- **Instructions for the task**: With pictures excluded, copy word for word the lines in the data below from the line containing "Royal Mail mailboxes" through the line containing "Creating zones within".

- **Data section**:
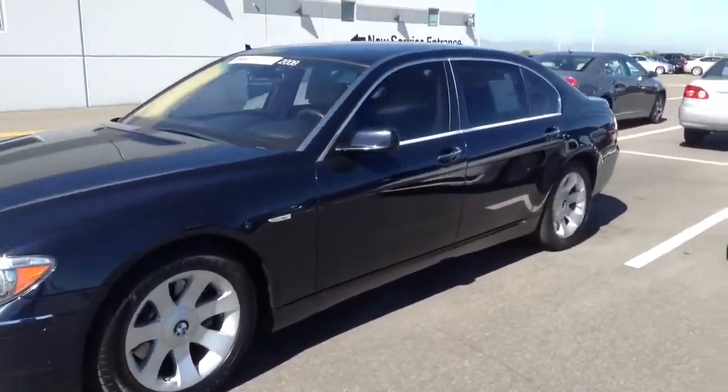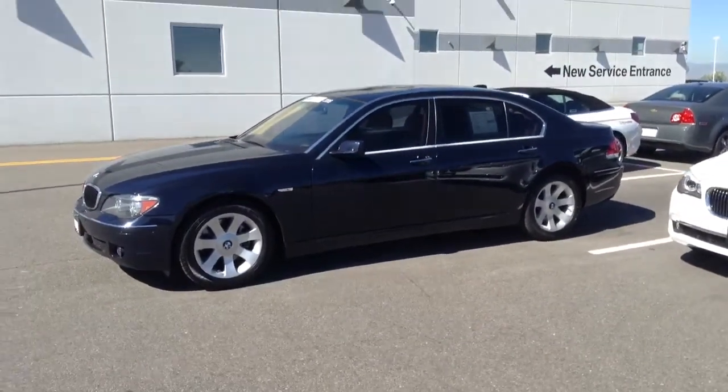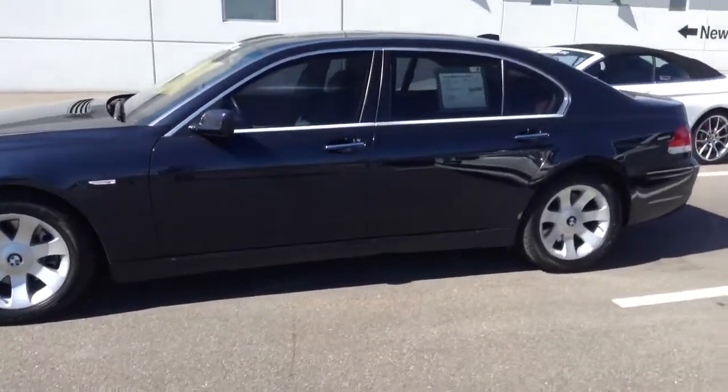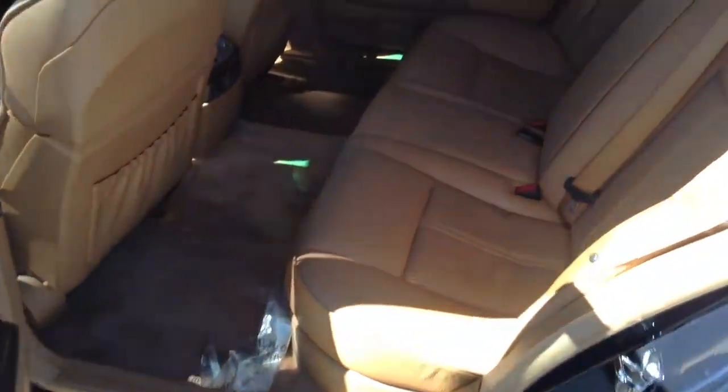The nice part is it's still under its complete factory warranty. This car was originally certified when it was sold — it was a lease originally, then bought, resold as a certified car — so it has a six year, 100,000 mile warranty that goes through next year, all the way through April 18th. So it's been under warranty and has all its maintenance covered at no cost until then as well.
...
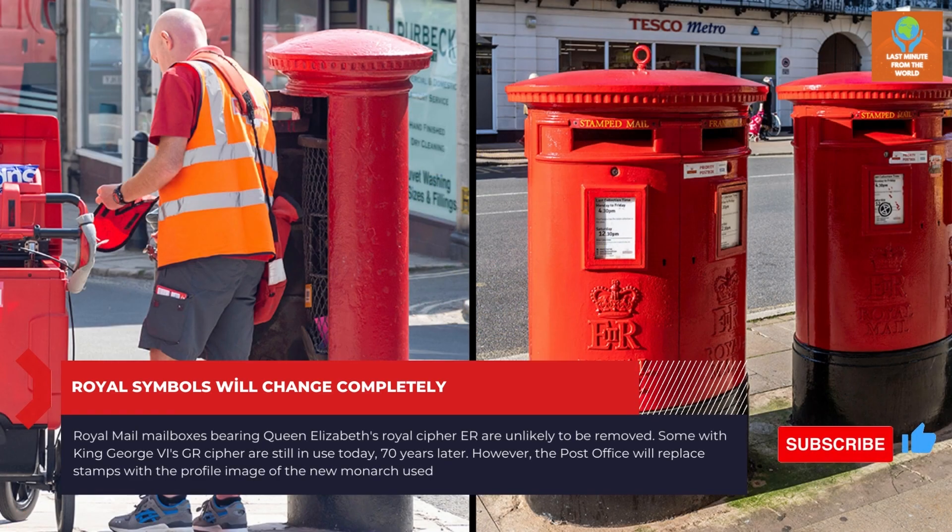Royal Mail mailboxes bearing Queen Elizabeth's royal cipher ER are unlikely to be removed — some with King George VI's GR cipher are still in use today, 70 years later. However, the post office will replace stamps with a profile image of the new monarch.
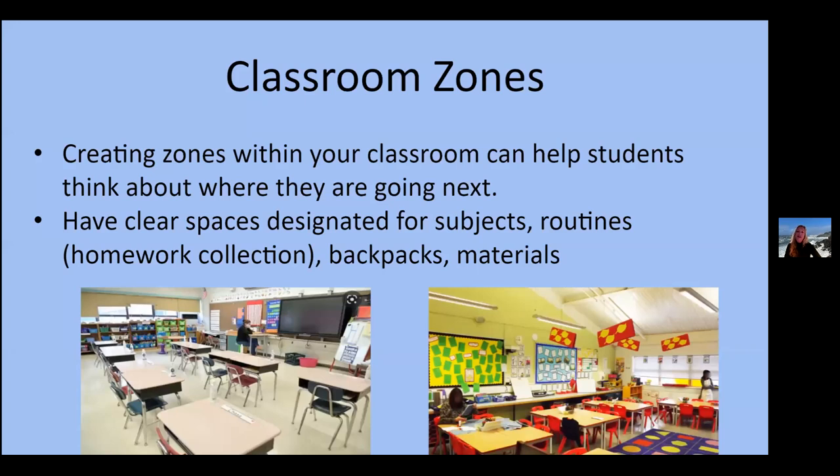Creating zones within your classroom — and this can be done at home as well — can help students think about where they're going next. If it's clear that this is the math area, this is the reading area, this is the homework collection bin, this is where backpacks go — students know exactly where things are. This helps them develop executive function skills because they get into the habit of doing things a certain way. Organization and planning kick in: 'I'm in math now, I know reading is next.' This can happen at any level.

- **The completed task**:
Royal Mail mailboxes bearing Queen Elizabeth's royal cipher ER are unlikely to be removed — some with King George VI's GR cipher are still in use today, 70 years later. However, the post office will replace stamps with a profile image of the new monarch.
Creating zones within your classroom — and this can be done at home as well — can help students think about where they're going next. If it's clear that this is the math area, this is the reading area, this is the homework collection bin, this is where backpacks go — students know exactly where things are. This helps them develop executive function skills because they get into the habit of doing things a certain way. Organization and planning kick in: 'I'm in math now, I know reading is next.' This can happen at any level.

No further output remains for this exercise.